O RESTO É HISTÓRIA. A justiça bloqueou a nomeação de Lula: desvio de finalidade para poupá-lo de ser investigado como delinquente comum. Dilma e Lula aceitaram, o estalinismo deles só funcionava no partido; não tentaram reverter a decisão em recurso. O trauma do mensalão ainda era forte. Historiadores e os cientistas políticos ainda não analisaram as causas da inação: respeito à ação institucional; impotência para resistir; inexistência à época de milícia digital, gabinete do ódio, distribuição de fake news, quem sabe uma filha fronteiriça como Carlos Bolsonaro?

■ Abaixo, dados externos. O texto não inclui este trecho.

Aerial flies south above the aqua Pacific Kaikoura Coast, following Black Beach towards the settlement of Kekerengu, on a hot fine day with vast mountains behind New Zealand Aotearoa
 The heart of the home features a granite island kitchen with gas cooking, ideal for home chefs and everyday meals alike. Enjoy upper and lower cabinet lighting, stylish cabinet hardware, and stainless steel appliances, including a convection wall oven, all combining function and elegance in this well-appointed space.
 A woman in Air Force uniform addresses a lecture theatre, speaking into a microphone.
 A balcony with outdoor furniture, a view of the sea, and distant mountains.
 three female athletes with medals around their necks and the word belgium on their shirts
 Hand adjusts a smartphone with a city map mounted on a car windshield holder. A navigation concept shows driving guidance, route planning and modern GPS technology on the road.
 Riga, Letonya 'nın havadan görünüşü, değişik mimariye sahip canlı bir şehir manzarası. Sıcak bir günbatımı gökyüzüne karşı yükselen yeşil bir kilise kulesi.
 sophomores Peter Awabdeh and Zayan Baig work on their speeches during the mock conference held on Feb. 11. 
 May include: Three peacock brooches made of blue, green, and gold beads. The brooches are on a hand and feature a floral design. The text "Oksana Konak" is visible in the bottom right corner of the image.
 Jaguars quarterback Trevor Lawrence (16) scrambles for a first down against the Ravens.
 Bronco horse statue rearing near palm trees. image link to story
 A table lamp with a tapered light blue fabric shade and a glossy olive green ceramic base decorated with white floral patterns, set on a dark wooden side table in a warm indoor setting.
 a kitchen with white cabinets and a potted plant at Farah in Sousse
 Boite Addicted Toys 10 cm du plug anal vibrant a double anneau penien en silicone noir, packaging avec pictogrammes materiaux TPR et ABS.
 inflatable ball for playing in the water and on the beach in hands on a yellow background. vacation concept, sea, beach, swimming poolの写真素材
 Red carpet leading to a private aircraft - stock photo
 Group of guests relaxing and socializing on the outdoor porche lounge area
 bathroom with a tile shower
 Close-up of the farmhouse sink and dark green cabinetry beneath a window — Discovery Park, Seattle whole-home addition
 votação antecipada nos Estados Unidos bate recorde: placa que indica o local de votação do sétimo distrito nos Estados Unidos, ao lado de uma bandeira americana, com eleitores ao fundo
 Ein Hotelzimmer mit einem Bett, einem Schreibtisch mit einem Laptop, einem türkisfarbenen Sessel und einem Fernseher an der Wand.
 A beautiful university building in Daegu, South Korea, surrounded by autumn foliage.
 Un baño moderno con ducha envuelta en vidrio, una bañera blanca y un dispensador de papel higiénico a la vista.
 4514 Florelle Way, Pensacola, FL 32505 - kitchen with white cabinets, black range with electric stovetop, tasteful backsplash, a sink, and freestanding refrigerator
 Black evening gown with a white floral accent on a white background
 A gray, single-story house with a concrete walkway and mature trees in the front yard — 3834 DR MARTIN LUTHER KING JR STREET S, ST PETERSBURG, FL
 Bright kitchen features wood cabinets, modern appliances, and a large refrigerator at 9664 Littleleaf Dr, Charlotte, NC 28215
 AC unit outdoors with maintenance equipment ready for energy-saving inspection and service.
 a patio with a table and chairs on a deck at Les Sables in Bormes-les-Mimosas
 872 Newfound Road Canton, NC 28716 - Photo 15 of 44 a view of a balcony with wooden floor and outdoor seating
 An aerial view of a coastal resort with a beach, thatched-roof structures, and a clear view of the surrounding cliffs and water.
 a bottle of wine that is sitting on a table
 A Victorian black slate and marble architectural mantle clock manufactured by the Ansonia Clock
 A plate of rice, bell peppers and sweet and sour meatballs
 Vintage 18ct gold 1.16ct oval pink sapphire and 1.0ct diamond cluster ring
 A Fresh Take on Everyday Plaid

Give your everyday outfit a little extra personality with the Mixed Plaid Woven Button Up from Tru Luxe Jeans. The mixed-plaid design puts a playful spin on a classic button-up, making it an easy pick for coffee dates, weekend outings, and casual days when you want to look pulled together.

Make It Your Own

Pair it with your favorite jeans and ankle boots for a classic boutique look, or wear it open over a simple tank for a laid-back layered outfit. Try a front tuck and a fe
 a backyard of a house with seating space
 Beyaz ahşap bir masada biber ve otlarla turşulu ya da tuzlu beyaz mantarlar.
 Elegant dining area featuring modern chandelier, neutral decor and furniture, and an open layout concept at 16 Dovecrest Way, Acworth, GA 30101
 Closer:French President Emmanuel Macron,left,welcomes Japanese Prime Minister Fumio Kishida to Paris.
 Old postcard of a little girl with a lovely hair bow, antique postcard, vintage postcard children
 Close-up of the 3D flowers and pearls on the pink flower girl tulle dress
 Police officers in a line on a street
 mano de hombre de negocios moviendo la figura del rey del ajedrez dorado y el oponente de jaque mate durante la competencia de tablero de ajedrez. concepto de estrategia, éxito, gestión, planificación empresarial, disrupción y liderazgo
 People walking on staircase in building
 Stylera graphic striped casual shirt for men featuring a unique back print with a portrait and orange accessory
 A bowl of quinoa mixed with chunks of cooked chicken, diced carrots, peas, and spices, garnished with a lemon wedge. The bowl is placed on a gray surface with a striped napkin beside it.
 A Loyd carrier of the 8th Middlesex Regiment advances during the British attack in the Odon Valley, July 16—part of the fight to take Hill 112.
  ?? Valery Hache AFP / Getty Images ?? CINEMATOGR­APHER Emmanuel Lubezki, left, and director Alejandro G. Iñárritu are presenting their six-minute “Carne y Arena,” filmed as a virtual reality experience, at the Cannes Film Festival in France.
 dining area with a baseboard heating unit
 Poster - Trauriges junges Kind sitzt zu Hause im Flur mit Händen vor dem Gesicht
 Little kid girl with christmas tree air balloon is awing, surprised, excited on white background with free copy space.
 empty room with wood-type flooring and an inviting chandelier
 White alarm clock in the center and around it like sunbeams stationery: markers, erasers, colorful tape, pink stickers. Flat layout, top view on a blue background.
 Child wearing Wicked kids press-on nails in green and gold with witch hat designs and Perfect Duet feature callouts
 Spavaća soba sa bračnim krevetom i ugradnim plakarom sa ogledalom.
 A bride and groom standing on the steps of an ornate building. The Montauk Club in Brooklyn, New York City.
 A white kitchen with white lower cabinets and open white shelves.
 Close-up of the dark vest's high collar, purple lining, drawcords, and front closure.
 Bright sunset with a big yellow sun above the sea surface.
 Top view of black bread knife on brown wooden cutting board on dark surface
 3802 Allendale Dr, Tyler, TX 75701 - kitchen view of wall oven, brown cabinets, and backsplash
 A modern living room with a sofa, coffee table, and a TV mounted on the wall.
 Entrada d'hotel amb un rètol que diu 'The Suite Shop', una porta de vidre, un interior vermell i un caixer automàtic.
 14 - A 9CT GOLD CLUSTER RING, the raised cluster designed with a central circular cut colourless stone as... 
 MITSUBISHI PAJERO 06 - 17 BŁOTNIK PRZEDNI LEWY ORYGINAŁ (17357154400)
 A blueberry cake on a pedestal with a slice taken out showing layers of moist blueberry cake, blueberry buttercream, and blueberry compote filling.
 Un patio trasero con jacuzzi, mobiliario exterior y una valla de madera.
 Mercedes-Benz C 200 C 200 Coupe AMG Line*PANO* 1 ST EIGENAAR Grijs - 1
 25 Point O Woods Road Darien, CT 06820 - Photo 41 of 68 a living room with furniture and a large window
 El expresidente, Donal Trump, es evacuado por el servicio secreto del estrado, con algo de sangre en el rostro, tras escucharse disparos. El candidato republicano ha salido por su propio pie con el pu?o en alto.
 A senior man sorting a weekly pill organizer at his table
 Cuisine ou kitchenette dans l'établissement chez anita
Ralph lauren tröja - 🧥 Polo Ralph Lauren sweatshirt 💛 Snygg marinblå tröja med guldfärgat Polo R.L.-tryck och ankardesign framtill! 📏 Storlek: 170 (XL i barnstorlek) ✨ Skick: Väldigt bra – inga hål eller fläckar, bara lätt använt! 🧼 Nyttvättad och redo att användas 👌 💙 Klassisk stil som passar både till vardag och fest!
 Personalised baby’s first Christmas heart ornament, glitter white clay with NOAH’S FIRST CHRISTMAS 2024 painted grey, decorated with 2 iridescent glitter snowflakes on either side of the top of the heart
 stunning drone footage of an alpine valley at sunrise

AGORA É OUTRA HISTÓRIA, cujo primeiro capítulo foi escrito pelo PT, que na ânsia – estalinismo diet – de se perpetuar no poder tantas fez que elegeu o cacareco Jair Bolsonaro, deputado que por trinta anos não passou de figura caricata, irrelevante. O solo estava fértil: a política tradicional desacreditada temperada pelo escárnio do petrolão, uma bofetada em quem, fora do PT, acreditou no partido; os políticos de sempre, como Ciro Gomes, e aventureiros apocalípticos como Cabo Daciolo e João Amôedo. Mais a faca de Adélio Bispo, que fez de Jair Bolsonaro o mártir improvável.

DAÍ O PASTICHE paranoico de tragédia alagoana. E com ele o maior dos benefícios: poupou dos debates o candidato que não sabia (nunca saberá, a condição é congênita) articular a frase completa, montar o raciocínio elementar. O panorama e o atentado criaram o quadro quase perfeito. Quase porque faltava o fecho, que veio quando o futuro ministro, ainda juiz da Lava Jato, liberou à imprensa, antes do segundo turno, o conteúdo de ato judicial que incriminava Lula, e por extensão o PT. Sérgio Moro fez o papel de tornassol, o ingrediente ácido que elegeu Jair Bolsonaro.

NESTA ÉPOCA a história se repete. O presidente da hora, como o da outra época, acossado pelas investigações que se aproximam dos malfeitos da família, repete com sucesso o que a presidente da outra época fez com insucesso. Não nomeia o investigado pela poupá-lo de investigação, mas nomeia o investigador indicado pelo investigado. O investigado não se chama Lula, chama-se Carlos Bolsonaro. O ato é de gravidade maior que o de nomear Lula, como fez Dilma Rousseff. As instituições nada fazem, embora provocadas por ações e movimentos da sociedade civil. Uma tragédia cívica.

TRAGÉDIA tisnada de vingança poética ao derrubar no seu curso exato o agente que fez da investigação dos notáveis sua alavanca política; que caiu ao tentar com o presidente de hoje o que fizera com o de anteontem; Sérgio Moro recebeu a sanção cármica de perder cargo e timing para reerguer-se com o prestígio da Lava Jato. O que vem não se pode prever nem antecipar, a política é como a nuvem, diziam os antigos. De novidade temos o país dividido em dois antagonismos explícitos. Seus causadores próximos estão aí, sem crédito e autoridade: Lula e Sérgio Moro.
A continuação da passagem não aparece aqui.